▶ WHAT YOU NEED TO DO: Would you please transcribe, exactly as written, the lines of the entries below starting at the one that holds "Jual sepatu boots" and ending at the one that holds "Corner detail of", both included?

⟨

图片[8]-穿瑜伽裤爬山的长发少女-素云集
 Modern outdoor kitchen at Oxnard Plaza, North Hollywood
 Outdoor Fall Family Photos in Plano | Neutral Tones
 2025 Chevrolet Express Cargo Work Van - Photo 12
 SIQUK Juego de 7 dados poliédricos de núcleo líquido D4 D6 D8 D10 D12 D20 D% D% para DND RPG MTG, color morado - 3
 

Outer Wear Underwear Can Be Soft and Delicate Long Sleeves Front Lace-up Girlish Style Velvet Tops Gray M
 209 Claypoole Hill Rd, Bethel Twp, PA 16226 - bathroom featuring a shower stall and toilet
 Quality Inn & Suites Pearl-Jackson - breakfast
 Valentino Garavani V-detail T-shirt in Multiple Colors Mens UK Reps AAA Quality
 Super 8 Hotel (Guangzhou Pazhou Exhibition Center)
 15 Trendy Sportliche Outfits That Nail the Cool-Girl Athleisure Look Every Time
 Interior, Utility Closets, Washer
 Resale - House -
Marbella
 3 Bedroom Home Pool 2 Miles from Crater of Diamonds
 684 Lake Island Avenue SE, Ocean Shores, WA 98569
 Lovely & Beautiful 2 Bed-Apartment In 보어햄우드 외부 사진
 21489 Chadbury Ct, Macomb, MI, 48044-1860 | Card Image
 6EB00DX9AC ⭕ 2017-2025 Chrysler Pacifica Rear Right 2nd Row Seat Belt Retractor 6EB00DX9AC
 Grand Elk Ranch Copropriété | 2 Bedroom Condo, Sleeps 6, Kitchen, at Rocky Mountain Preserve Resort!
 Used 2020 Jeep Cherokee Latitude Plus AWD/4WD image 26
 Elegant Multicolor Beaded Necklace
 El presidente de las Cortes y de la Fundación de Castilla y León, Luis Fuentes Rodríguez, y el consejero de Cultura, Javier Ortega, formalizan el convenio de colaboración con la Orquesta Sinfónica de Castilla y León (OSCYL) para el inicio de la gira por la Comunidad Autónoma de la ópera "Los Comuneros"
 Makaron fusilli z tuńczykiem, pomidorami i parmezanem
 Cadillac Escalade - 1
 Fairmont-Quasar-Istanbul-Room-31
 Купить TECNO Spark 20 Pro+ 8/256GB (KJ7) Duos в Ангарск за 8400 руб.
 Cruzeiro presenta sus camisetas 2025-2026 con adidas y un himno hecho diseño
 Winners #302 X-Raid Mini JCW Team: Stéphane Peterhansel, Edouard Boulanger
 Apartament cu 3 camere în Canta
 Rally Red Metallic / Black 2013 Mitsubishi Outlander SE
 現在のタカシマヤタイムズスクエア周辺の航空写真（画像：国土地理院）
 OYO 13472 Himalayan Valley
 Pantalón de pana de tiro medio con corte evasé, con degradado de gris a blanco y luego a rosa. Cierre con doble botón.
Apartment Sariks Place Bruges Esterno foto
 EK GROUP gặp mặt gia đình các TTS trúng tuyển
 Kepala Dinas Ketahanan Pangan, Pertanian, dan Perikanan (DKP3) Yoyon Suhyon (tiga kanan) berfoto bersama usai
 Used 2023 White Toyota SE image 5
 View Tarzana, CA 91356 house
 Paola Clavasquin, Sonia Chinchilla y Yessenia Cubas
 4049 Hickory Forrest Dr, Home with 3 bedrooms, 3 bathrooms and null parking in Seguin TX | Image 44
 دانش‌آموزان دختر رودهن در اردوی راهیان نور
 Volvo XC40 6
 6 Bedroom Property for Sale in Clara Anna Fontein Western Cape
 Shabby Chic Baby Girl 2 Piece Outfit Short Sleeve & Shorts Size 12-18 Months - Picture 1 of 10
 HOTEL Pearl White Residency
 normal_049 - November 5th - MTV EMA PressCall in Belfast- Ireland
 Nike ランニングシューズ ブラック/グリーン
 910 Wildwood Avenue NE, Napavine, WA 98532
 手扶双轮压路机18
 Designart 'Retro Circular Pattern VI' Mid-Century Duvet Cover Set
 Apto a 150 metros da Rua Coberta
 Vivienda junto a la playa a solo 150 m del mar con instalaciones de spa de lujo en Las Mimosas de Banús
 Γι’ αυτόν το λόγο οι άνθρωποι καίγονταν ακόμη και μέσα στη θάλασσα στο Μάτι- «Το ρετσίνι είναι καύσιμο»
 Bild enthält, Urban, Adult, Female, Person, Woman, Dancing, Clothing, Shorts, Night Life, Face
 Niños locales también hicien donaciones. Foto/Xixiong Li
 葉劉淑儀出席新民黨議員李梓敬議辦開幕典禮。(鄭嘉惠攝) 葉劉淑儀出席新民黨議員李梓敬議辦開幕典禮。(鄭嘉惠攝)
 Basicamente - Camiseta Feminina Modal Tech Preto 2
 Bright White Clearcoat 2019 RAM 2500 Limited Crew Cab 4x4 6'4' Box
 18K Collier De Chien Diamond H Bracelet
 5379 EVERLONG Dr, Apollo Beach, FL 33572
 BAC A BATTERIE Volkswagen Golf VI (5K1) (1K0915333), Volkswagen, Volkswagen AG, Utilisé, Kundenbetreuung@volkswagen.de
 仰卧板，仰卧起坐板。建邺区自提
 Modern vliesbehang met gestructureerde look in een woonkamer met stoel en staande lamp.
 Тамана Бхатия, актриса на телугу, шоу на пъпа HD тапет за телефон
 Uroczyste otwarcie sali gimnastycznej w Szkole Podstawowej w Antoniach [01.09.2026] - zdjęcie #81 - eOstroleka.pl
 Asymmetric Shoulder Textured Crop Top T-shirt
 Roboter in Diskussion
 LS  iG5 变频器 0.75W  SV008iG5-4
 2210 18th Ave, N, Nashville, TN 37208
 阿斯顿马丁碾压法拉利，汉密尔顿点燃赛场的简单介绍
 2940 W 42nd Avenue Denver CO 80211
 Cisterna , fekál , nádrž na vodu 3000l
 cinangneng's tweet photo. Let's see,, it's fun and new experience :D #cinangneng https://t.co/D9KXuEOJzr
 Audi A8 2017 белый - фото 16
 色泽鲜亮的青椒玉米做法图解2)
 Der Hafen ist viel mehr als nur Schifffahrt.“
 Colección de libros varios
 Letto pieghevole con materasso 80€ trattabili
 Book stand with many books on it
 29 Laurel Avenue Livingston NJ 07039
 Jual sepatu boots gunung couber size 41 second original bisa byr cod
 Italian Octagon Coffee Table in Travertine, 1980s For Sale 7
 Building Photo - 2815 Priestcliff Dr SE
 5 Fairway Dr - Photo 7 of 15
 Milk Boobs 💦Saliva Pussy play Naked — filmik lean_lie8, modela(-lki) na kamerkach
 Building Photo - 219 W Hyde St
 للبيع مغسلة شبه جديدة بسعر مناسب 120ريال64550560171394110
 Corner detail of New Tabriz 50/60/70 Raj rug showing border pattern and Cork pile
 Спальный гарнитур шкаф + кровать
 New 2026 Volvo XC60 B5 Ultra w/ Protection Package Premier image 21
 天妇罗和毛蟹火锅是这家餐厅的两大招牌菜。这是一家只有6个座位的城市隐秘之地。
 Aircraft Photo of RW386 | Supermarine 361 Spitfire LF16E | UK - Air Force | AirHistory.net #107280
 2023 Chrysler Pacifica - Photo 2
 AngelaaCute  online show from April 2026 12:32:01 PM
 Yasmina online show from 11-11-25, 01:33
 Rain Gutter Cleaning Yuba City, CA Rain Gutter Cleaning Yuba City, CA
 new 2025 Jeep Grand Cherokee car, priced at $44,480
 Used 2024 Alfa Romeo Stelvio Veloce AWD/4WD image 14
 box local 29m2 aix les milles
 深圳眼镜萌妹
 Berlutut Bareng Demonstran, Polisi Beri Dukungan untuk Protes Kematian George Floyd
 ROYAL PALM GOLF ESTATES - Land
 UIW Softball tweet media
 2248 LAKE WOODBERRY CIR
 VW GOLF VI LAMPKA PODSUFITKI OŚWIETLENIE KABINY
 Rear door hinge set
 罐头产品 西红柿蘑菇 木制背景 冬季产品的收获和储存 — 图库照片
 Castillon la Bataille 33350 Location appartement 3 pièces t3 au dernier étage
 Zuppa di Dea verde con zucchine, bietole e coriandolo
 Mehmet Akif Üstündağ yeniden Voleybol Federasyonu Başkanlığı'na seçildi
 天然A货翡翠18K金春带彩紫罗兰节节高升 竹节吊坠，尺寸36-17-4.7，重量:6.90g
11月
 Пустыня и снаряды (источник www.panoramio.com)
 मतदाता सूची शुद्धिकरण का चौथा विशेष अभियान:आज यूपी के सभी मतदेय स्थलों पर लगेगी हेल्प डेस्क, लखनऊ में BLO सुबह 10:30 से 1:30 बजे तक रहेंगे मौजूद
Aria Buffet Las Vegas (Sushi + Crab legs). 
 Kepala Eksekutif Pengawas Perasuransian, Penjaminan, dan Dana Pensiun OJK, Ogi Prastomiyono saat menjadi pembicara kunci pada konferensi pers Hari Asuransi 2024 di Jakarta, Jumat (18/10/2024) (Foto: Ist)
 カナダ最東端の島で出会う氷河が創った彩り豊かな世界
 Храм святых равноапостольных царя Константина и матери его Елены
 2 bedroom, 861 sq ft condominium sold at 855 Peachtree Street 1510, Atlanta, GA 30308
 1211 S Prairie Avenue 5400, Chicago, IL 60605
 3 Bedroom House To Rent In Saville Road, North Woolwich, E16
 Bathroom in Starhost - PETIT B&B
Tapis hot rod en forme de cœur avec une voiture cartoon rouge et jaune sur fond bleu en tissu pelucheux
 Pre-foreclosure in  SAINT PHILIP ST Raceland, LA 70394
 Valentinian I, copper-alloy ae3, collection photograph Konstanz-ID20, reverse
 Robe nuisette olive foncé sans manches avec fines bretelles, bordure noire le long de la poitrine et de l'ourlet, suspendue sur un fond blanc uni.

⟩

▶ SOLUTION:
 Jual sepatu boots gunung couber size 41 second original bisa byr cod
 Italian Octagon Coffee Table in Travertine, 1980s For Sale 7
 Building Photo - 2815 Priestcliff Dr SE
 5 Fairway Dr - Photo 7 of 15
 Milk Boobs 💦Saliva Pussy play Naked — filmik lean_lie8, modela(-lki) na kamerkach
 Building Photo - 219 W Hyde St
 للبيع مغسلة شبه جديدة بسعر مناسب 120ريال64550560171394110
 Corner detail of New Tabriz 50/60/70 Raj rug showing border pattern and Cork pile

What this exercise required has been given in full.